DATASET RECORDS Block Start

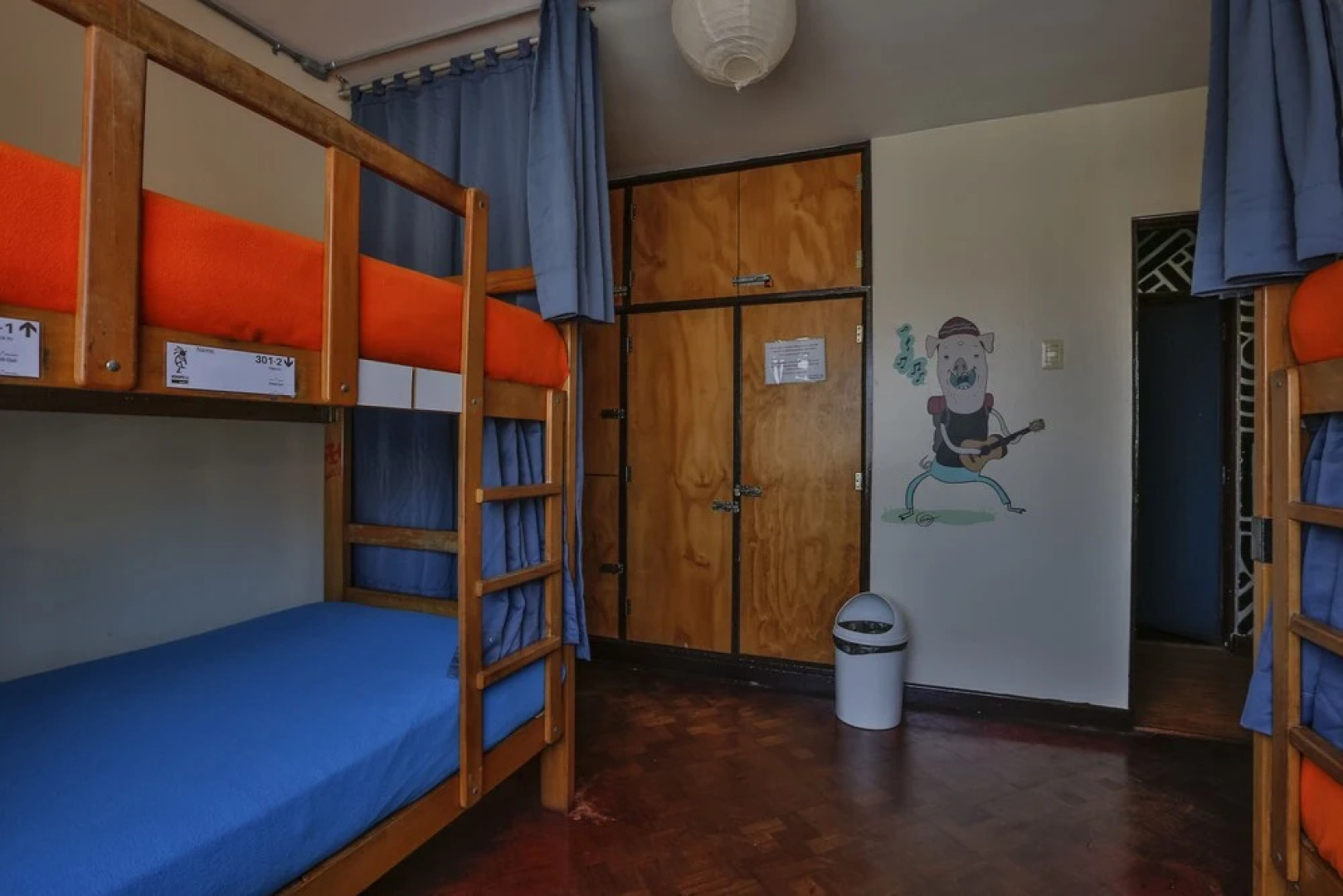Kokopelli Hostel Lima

DATASET RECORDS Block End
DATASET RECORDS Block Start

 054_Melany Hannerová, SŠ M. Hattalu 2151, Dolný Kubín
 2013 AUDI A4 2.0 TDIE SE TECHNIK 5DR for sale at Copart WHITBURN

DATASET RECORDS Block End
DATASET RECORDS Block Start

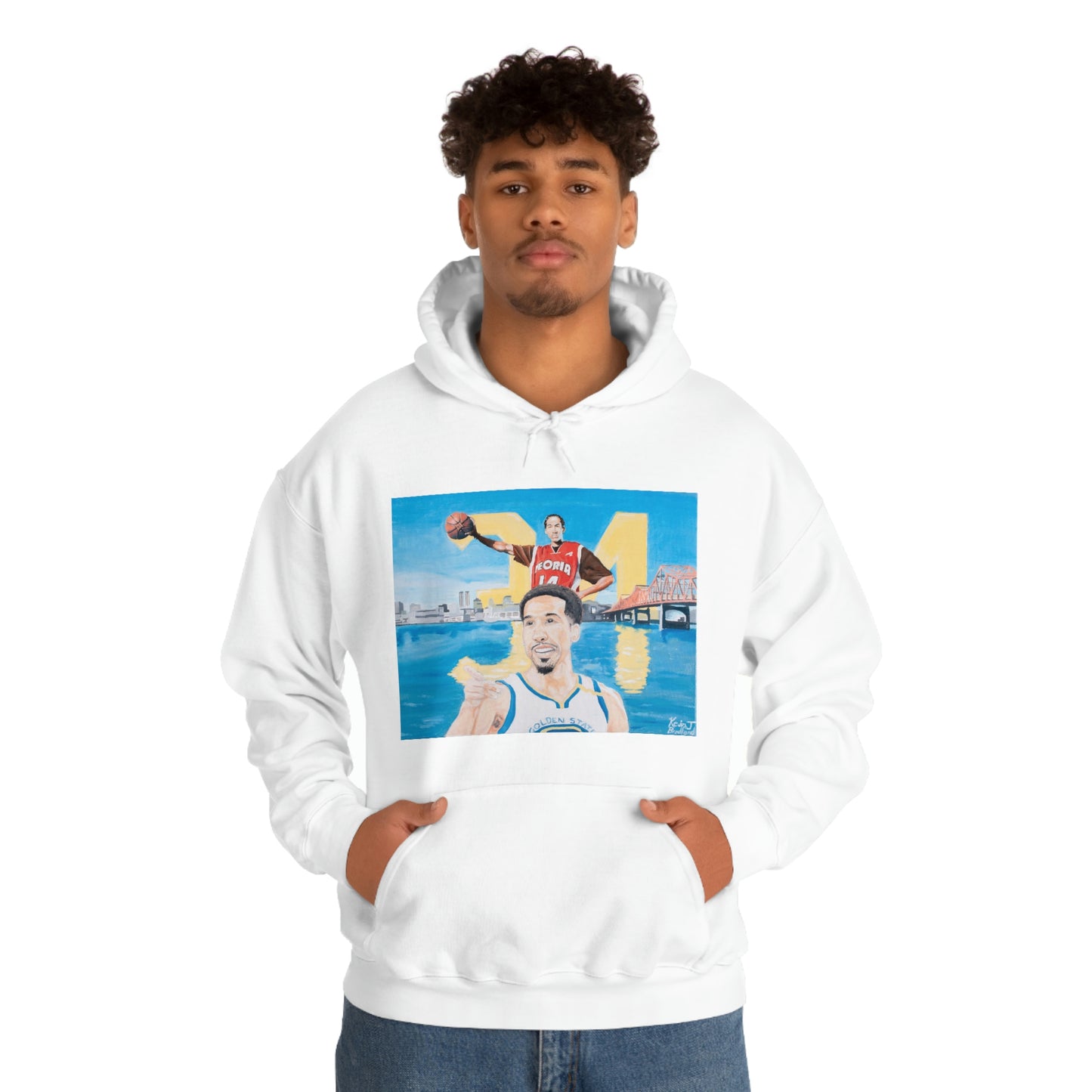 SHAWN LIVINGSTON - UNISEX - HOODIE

DATASET RECORDS Block End

Go back to the listing above. Copy word for word the lines from the one with "054_Melany Hannerová, SŠ" through the one with "2013 AUDI A4", and nothing more.

 054_Melany Hannerová, SŠ M. Hattalu 2151, Dolný Kubín
 2013 AUDI A4 2.0 TDIE SE TECHNIK 5DR for sale at Copart WHITBURN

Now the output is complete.